Once the line containing "Manteau D'hiver Fille" is reached in the listing below, reproduce it and all later lines through the final one exactly, but omit any pictures.

Dataset section
——

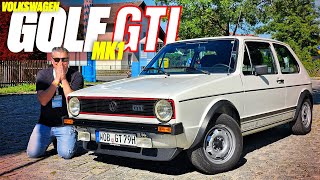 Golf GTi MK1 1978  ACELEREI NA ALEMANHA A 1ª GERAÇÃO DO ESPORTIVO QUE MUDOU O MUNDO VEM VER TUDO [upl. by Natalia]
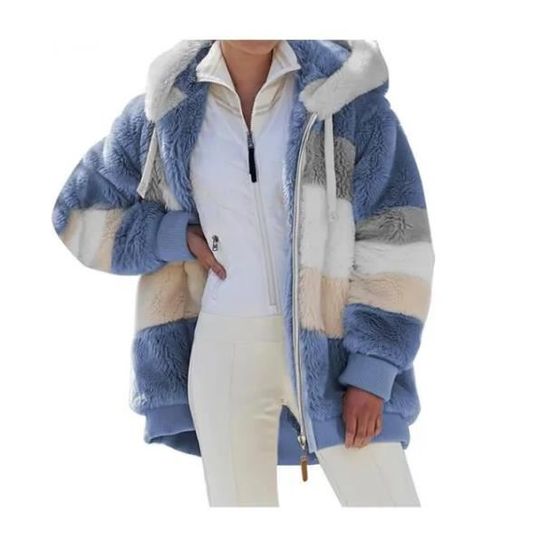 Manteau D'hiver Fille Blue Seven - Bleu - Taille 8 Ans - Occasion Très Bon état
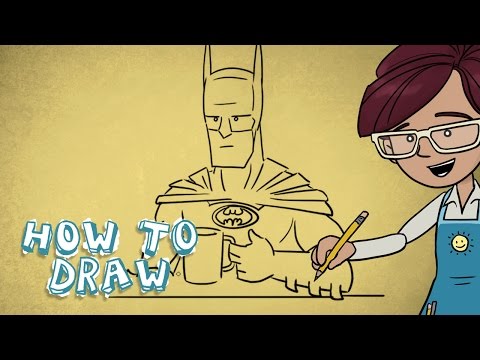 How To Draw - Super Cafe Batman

——

Response to the task
 Manteau D'hiver Fille Blue Seven - Bleu - Taille 8 Ans - Occasion Très Bon état
 How To Draw - Super Cafe Batman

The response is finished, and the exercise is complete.